Chris_Kirchberg · Apr 22, 2025 01:45 PM

Hi @BHarris, try using Item in group. The result will be what you would expect.

Best,

Chris Kirchberg, M.S.²
Data Scientist, Life Sciences - Global Technical Enablement
JMP Statistical Discovery, LLC. - Denver, CO
Tel: +1-919-531-9927 ▪ Mobile: +1-303-378-7419 ▪ E-mail: chris.kirchberg@jmp.com
www.jmp.com

View solution in original post

Chris_Kirchberg · Apr 22, 2025 01:45 PM

Hi @BHarris, try using Item in group. The result will be what you would expect.

Best,

Chris Kirchberg, M.S.²
Data Scientist, Life Sciences - Global Technical Enablement
JMP Statistical Discovery, LLC. - Denver, CO
Tel: +1-919-531-9927 ▪ Mobile: +1-303-378-7419 ▪ E-mail: chris.kirchberg@jmp.com
www.jmp.com

BHarris · Apr 22, 2025 01:49 PM

Yes, that does seem to work.

Can you explain what's going on? I'd like to understand why the Group step was necessary.

Chris_Kirchberg · Apr 22, 2025 02:11 PM

Sure, Splitting without the group is doing it in a literal fashion by row and is not aware that Item has a missing component for category.

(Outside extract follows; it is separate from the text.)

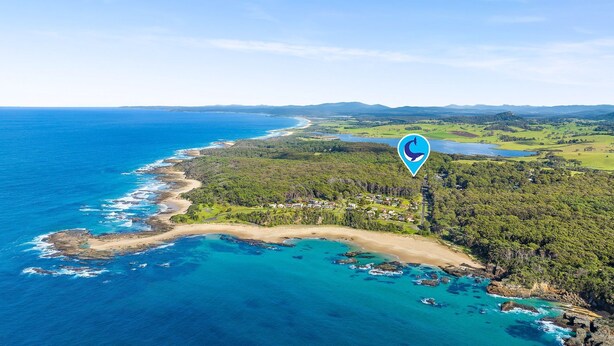 Vista aérea de una zona costera con playa, colinas boscosas y una masa de agua.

Group forces level to separate out by Item for each category by taking a look at Item first then Category.

From online help (https://www.jmp.com/support/help/en/18.2/?os=mac&source=application#page/jmp/split-columns-in-data-t...:(

Group

Specifies a Group variable when you want your data to be split within each group of the selected variable. Each group results in a row in the output table. You must also specify the required variables, Split By, and Split Columns.

Note: If the variable that you want to group by contains unequal groups or is in a random order, specifying it as the Group variable ensures that your data is restructured properly, and any missing values are assigned in the appropriate places.

Otherwise you would have to put in an extra row and define Category and Item but leave Level blank for that row.

Hope that helps.

Chris Kirchberg, M.S.²
Data Scientist, Life Sciences - Global Technical Enablement
JMP Statistical Discovery, LLC. - Denver, CO
Tel: +1-919-531-9927 ▪ Mobile: +1-303-378-7419 ▪ E-mail: chris.kirchberg@jmp.com
www.jmp.com

BHarris · May 7, 2025 02:03 PM

The more I think about this, the less it makes sense. I don't understand why split would behave like that under any circumstance -- almost like the developers simply nested some loops and hoped that the data would fall in the right spots...

I'm left wondering if (a) I'm still too dumb to understand the underlying rationale for this behavior, (b) this was implemented this way to offer high performance (fast splits on large tables) where the inputs are full-factorial and the user is expected to know that assumption is being made, or (c) it's really just a bug that needs to be submitted/fixed.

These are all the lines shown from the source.